Fictional character biography
Jason Hart is a high school student and an expert in sports until the day he discovered that his little cousin Ted got hooked on to some drugs. After his parents tried to talk Ted out of taking the drugs, Jason learned of his love of superheroes and became a superhero called Protector. In order to save Ted, Protector fought the drug dealers which attracted the attention of Nightwing. While making him an honorary member of the Teen Titans, Nightwing trained Protector in the art of hand-to-hand combat.

Jason finally made another appearance attending a superhero party held by Beast Boy. Later, he also appeared in the Infinite Crisis hardcover collected edition in an added two-page spread.

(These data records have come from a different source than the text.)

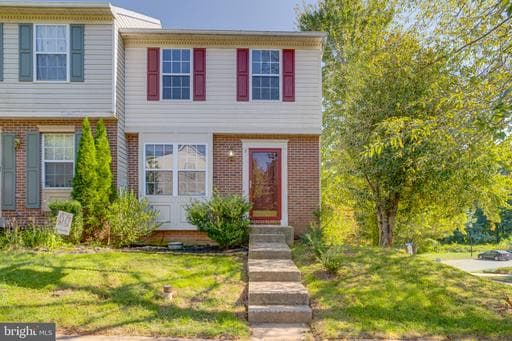 7 St Agnes Dr, Abingdon, MD 21009-2989, United States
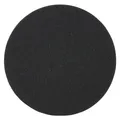 Produktbild: Makita Klett-Schwamm Schwarz 150mm (Fine) (D-62583)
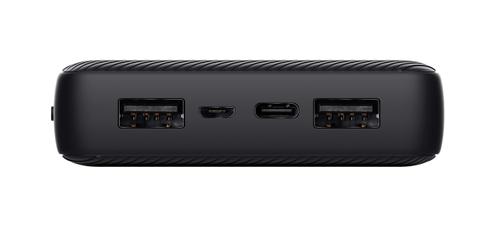 TRUST PRIMO 20.000mAh Powerbank ECO (24676)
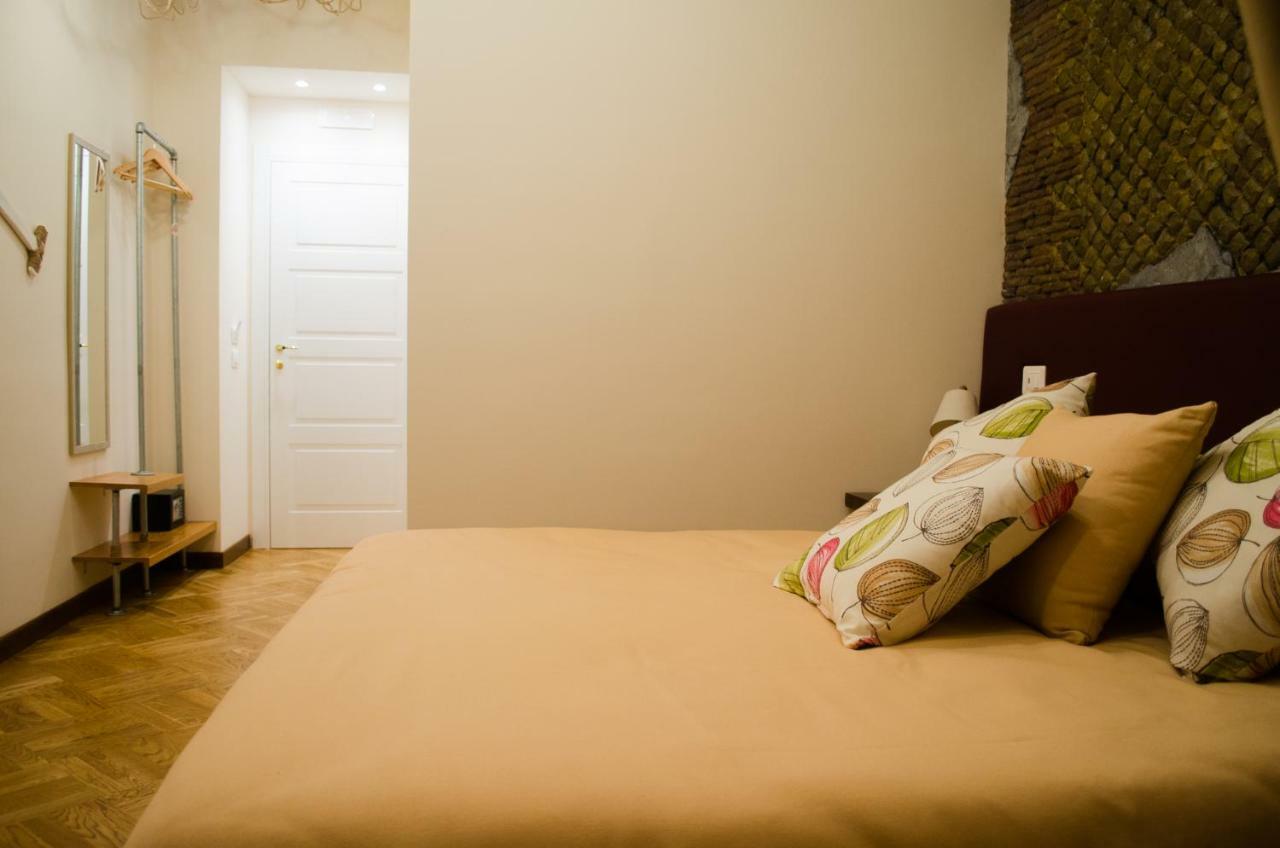 B&B Sosta Flegrea Neapol Zewnętrze zdjęcie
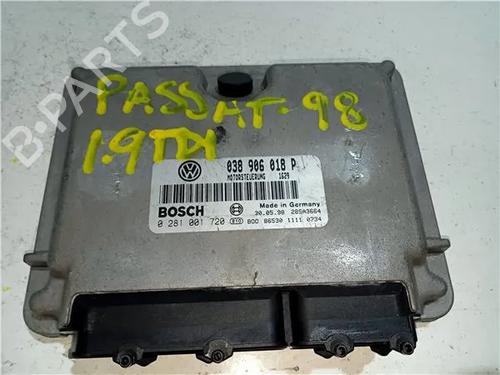 Elektronisk modul VW PASSAT B5 (3B2) 1.9 TDI (115 hp) 23919026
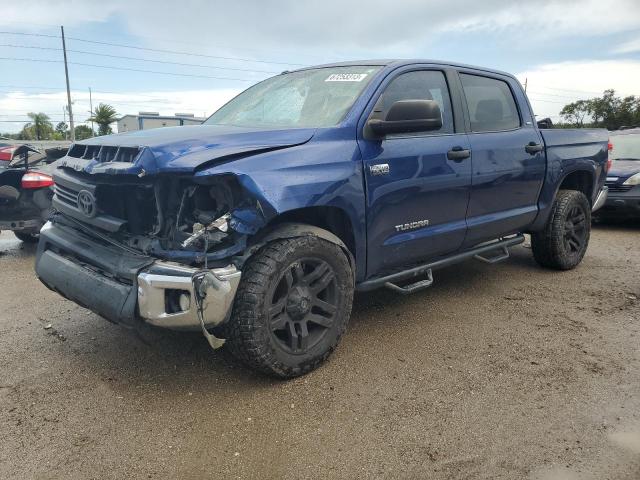 TOYOTA TUNDRA CRE 2014 5tfdy5f10ex325642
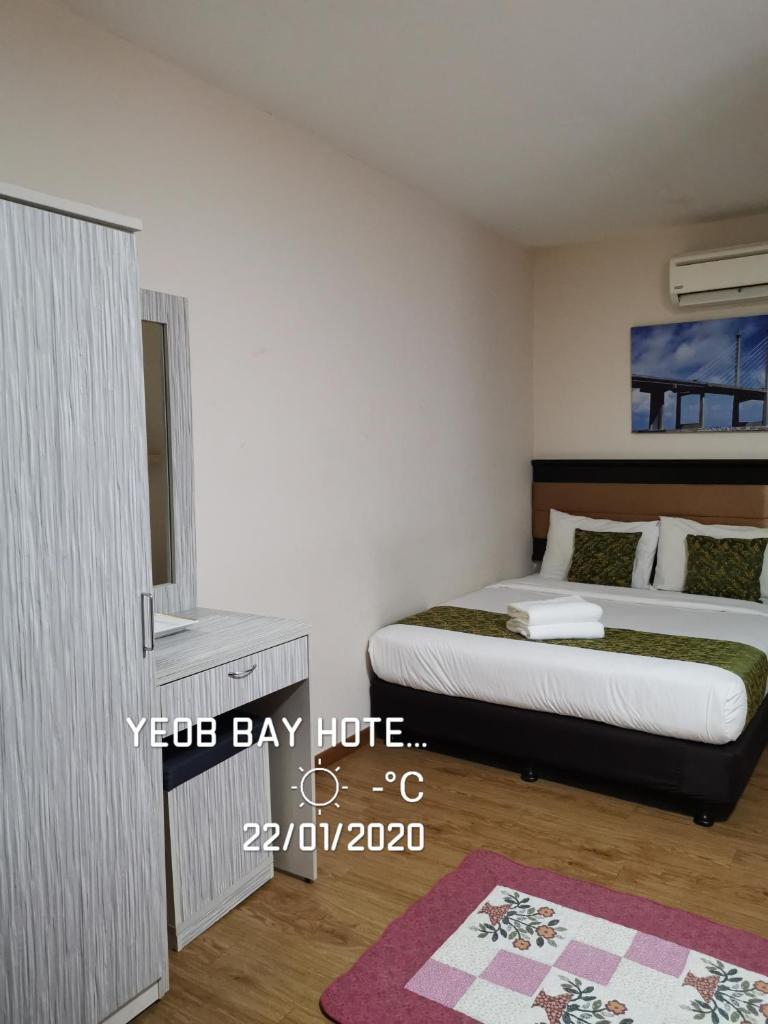 Yeob Bay hotel Ampang photo 2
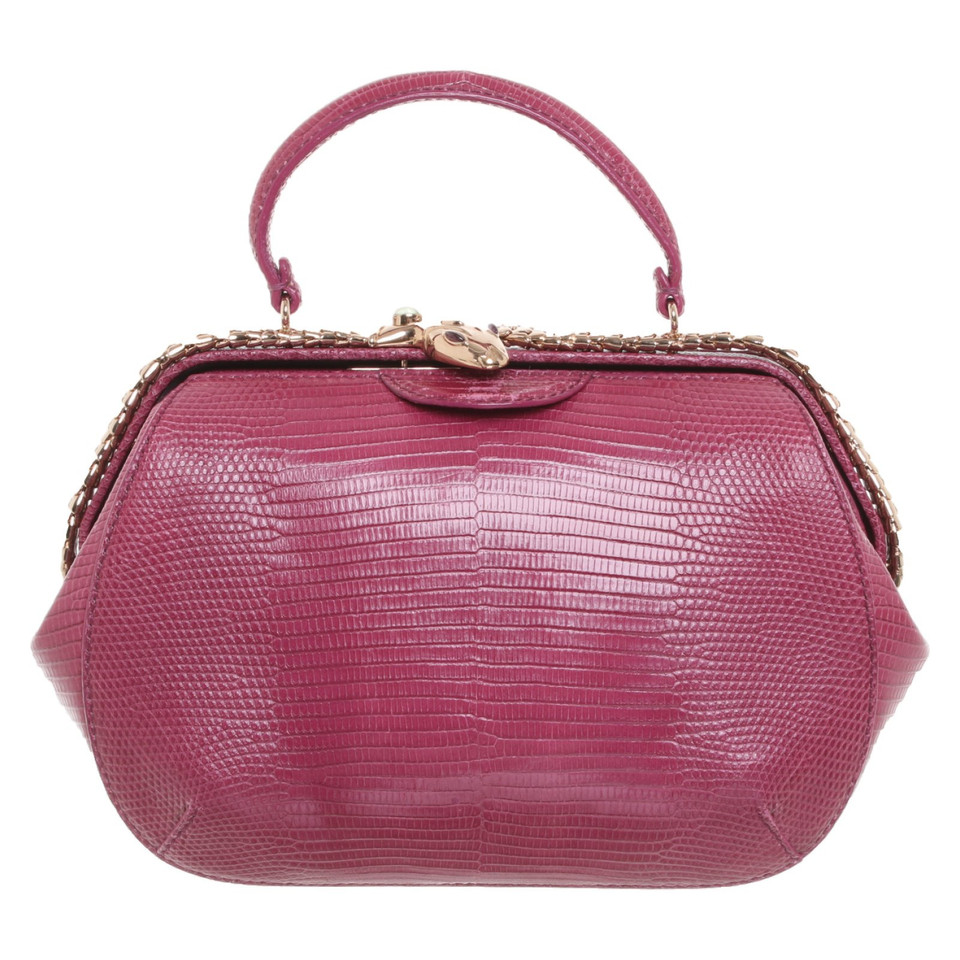 Bulgari "Bag Hypnotic Serpenti"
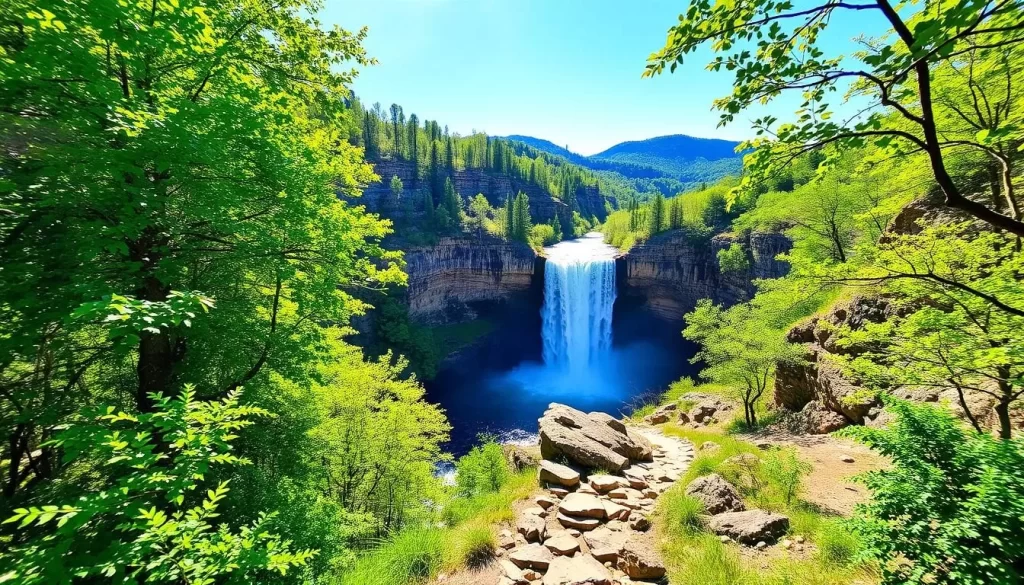 Fall Creek Falls State Park, Tennessee: Best Things to Do - Top Picks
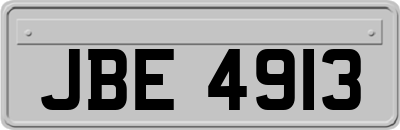 JBE4913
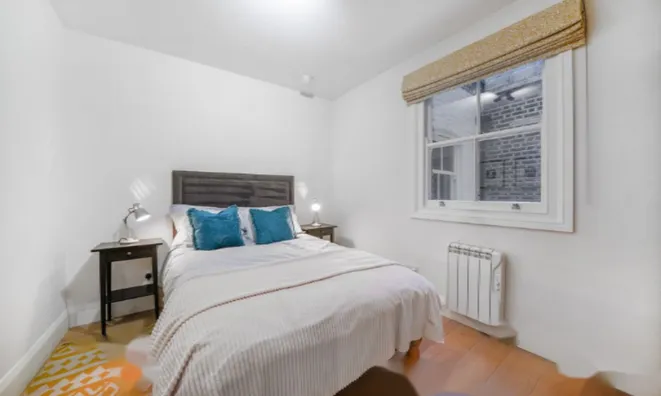 Недвижимость Sussex Gardens: 1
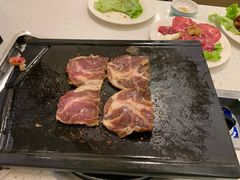 -韩时烤肉(枫蓝店)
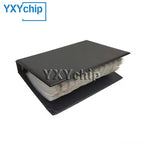 0201 0402 0603 0805 1206 1210 2010 2512 SMD Resistor Sample Book 1%5% Tolerance 170 Value Classification Kit Resistor Kit 0R~10M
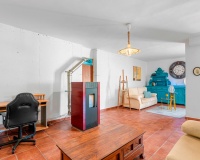 Resale - Villa - Alfaz del Pi - L'Alfás del Pi Centro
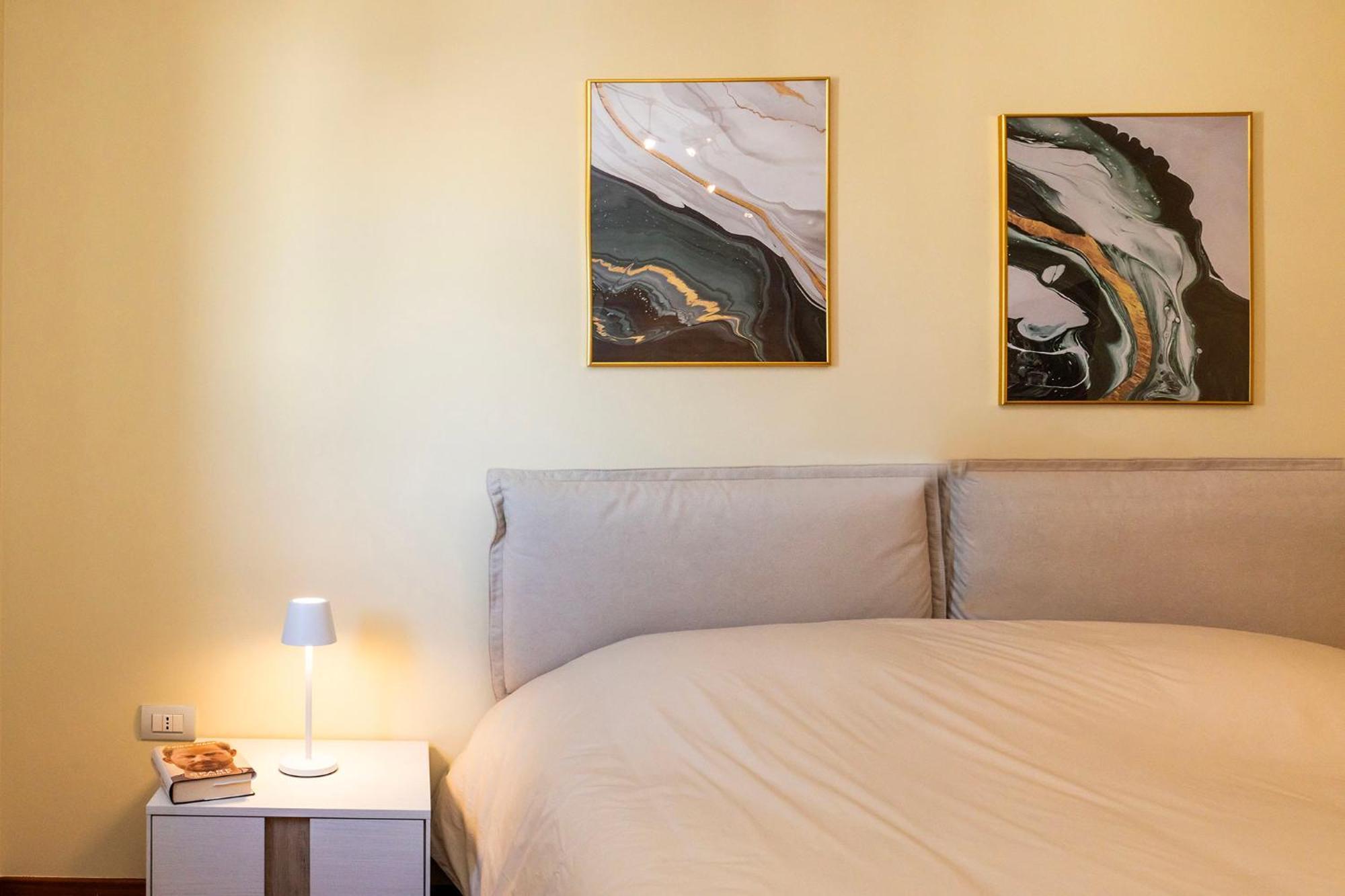 L'Attico Sul Mare - Exclusive Penthouse, Vieste Exterior foto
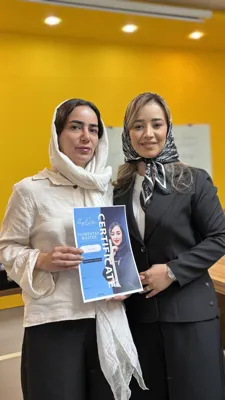 هنرجو عزیز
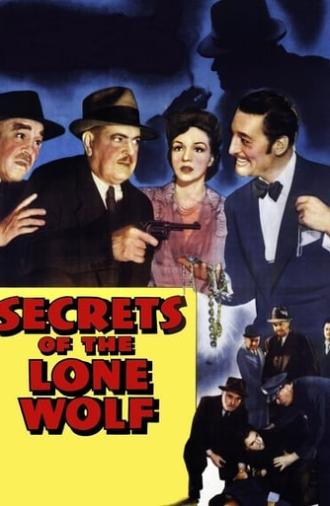 Secrets of the Lone Wolf (1941)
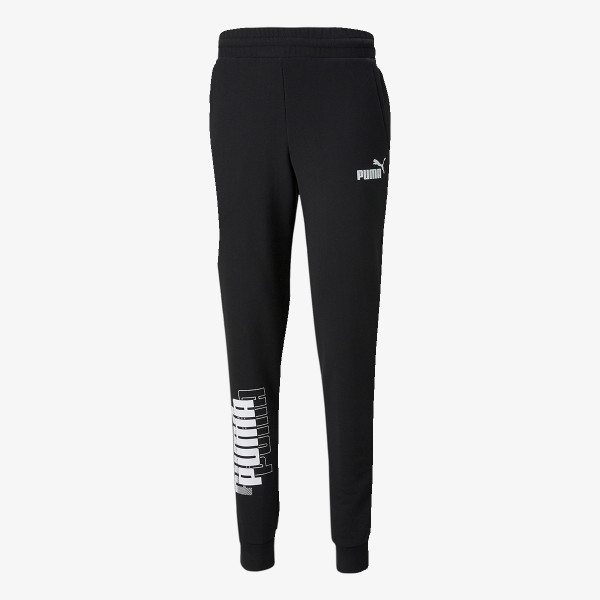 Puma Pantaloni de trening Power 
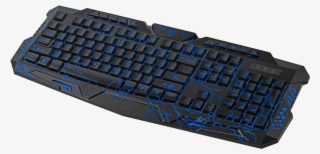 Specifications - - Ambush Klávesnice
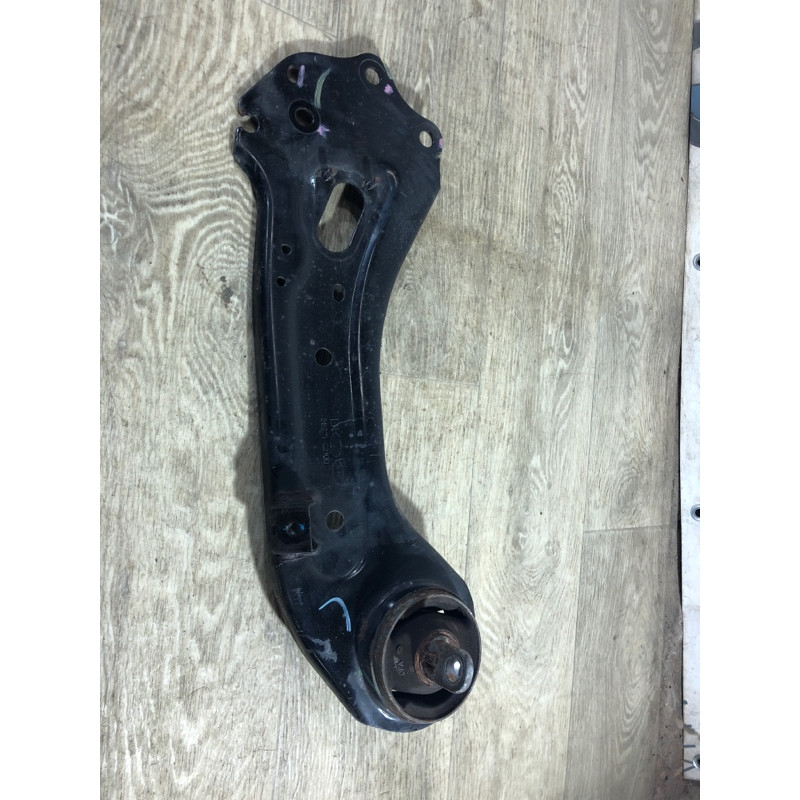 Рычаг подвески (подвеска) Hyundai Sonata LF 2015 2.4 55270C2100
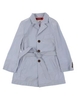 TAGLIATORE COATS & JACKETS Full-length jackets BOYS on YOOX.COM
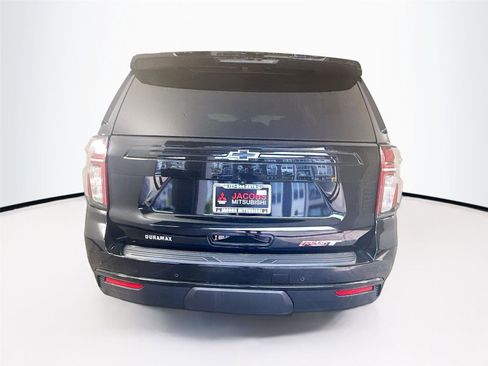 Used 2023 Chevrolet Tahoe RST w/ Luxury Package image 6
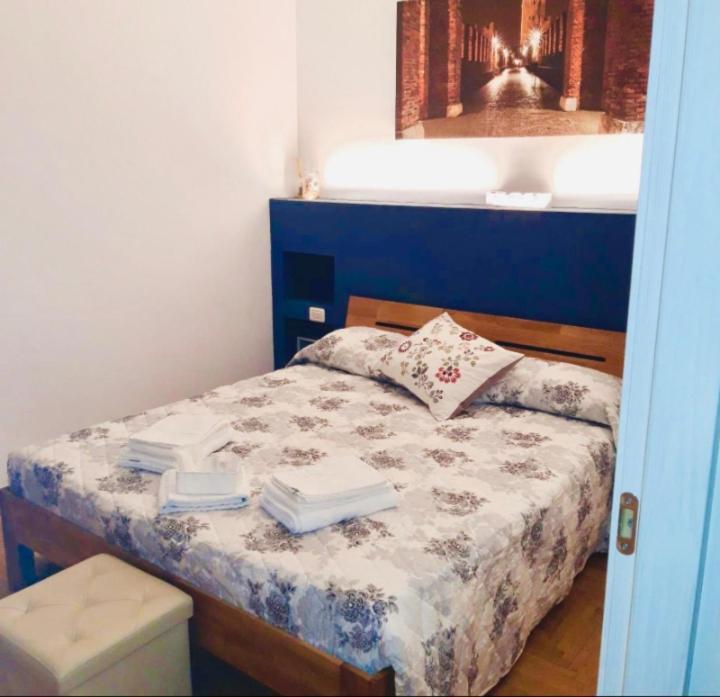 Il Salotto Del Conte Bed and Breakfast Verona Eksteriør billede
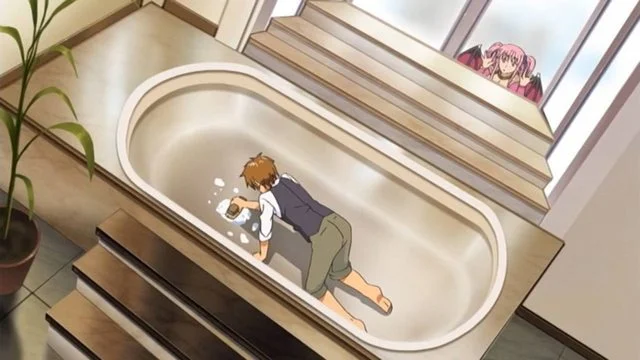 ヴァンパイア 第一夜 [中文字幕]
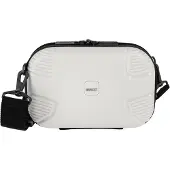 Impackt Schoudertas 'IP1' wit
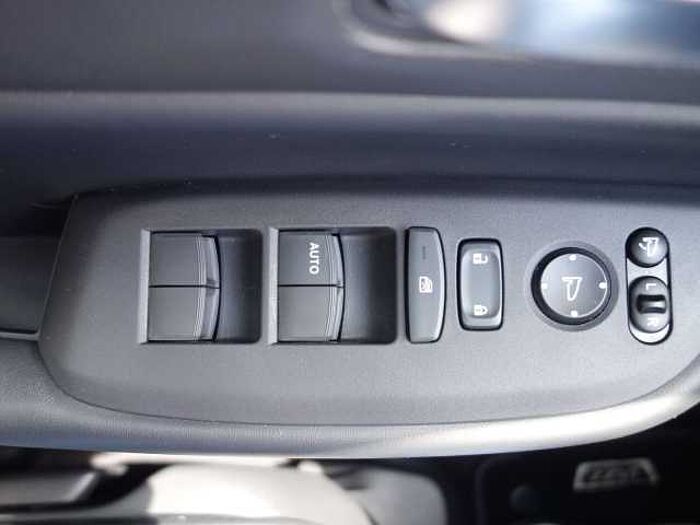 Honda Jazz 1.5 i-MMD Hybrid Elegance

During the Heroes in Crisis storyline, Protector checked himself into Sanctuary to deal with the stress of vigilante work. It was revealed that he has a drug addiction problem. He was among the heroes who was killed in an unexpected attack.

Powers and abilities
Protector is an expert in hand-to-hand combat.

Other versions
The Protector appears in Teen Titans Go! #52 as an alternate alias of Robby Reed. Unknown to both Robby and the Titans, his Hero Dial borrows power from any hero who's in close proximity to him, and thus becomes The Protector when Robin is close by. The Protector appears again in #55, although if it's still Robby Reed is doubtful.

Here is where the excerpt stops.